[PATCH v5 09/10] KVM: Disable manual dirty log when dirty ring enabled

Peter Xu posted 10 patches 4 years, 9 months ago
Maintainers: Paolo Bonzini <pbonzini@redhat.com>, Eduardo Habkost <ehabkost@redhat.com>, Marcel Apfelbaum <marcel.apfelbaum@gmail.com>
There is a newer version of this series
[PATCH v5 09/10] KVM: Disable manual dirty log when dirty ring enabled
Posted by Peter Xu 4 years, 9 months ago
KVM_CAP_MANUAL_DIRTY_LOG_PROTECT2 is for KVM_CLEAR_DIRTY_LOG, which is only
useful for KVM_GET_DIRTY_LOG.  Skip enabling it for kvm dirty ring.

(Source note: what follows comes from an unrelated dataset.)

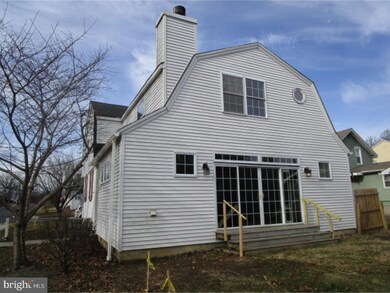 607 Cold Spring Ave, West Collingswood, NJ 08107 - photo 2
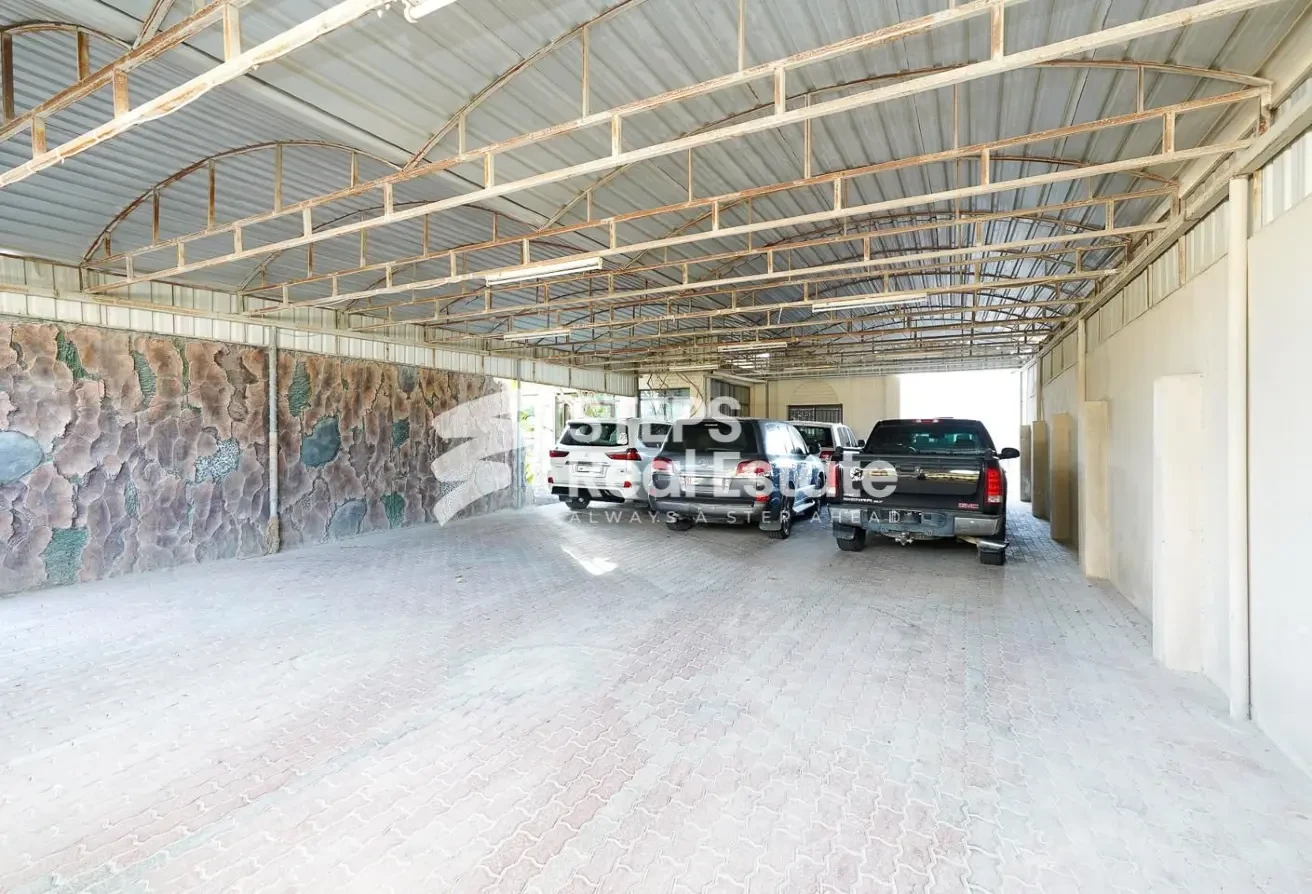 7 BHK Villa with 2 Majlis and Maids Room - Villa in Al Kharaitiyat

More importantly, KVM_DIRTY_LOG_INITIALLY_SET will not wr-protect all the pages
initially, which is against how kvm dirty ring is used - there's no way for kvm
dirty ring to re-protect a page before it's notified as being written first
with a GFN entry in the ring!  So when KVM_DIRTY_LOG_INITIALLY_SET is enabled
with dirty ring, we'll see silent data loss after migration.

Signed-off-by: Peter Xu <peterx@redhat.com>
---
 accel/kvm/kvm-all.c | 37 +++++++++++++++++++++++--------------
 1 file changed, 23 insertions(+), 14 deletions(-)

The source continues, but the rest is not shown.